As an alternative, feedback control is employed so that the ohmic component of the voltage decreases. The user must still specify the current limit and a resistance free voltage, VFR—but this, instead of the applied voltage, is maintained constant.
When a constant resistance-free voltage is applied during the fast charging, the initially applied voltage rises to a value limited only by the power supply. After the first few seconds, most of the overpotential is ohmic, and the current reaches ILIMIT. As the resistance decreases, the applied voltage decreases until other nonohmic polarizations (hNOP) become important at about a 40 or 50% SOC. The applied voltage VAPP, rises and maintains VAPP = VRF + IR from the point the current begins to fall.

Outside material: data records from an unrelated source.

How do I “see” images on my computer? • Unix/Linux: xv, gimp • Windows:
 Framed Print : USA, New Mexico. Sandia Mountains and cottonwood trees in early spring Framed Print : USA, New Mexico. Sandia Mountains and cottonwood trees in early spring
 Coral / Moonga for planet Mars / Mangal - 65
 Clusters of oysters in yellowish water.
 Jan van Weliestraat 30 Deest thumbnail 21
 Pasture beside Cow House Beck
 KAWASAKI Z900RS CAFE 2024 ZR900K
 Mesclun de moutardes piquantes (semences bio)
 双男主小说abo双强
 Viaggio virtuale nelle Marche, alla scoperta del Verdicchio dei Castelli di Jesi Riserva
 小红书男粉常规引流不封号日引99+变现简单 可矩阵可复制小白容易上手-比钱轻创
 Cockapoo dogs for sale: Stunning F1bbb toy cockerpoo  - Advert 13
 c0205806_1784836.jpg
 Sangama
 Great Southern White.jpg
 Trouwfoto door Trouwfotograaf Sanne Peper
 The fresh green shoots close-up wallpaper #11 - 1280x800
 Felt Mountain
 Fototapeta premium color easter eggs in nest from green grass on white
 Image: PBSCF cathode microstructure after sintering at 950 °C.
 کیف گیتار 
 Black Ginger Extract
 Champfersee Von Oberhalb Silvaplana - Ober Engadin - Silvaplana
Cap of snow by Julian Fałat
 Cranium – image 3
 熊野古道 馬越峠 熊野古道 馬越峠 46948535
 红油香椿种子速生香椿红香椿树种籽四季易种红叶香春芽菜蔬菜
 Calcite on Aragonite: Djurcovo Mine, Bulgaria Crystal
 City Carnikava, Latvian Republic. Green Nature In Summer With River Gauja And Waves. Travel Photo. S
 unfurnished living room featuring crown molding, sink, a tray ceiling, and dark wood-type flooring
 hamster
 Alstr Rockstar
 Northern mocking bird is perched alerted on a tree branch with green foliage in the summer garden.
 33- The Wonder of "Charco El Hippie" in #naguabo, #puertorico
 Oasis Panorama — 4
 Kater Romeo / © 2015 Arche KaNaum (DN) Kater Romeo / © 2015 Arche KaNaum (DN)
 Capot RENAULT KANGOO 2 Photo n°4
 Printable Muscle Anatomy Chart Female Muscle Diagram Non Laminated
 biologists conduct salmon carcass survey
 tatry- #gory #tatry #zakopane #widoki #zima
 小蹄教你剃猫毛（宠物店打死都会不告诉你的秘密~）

Then VAPP must also fall since VRF is constant. By choosing the applied voltage suitably, optimum charging rate is obtained, since the current remains at its maximum value for the longest time consistent with the desired charging efficiency and temperature rises.
The optimum value of VRF is not truly a constant but varies according to the acid concentration, kinetic and thermal characteristics of each battery in the pack. It is therefore a function of the SOC of the battery. The principle of charge control used here is an approximation to the ideal battery-charging algorithm. The algorithm accounts for the factors influencing the battery pack performance and compensates for them.
For an 85 to 90Ahr battery pack, a fast charge is applied at 8C to 9C. The current limit is set to 450A and is somewhat lower, and the value of VRF is 2.50V. The temperature compensation for the VRF is set to 6mV/°C/cell.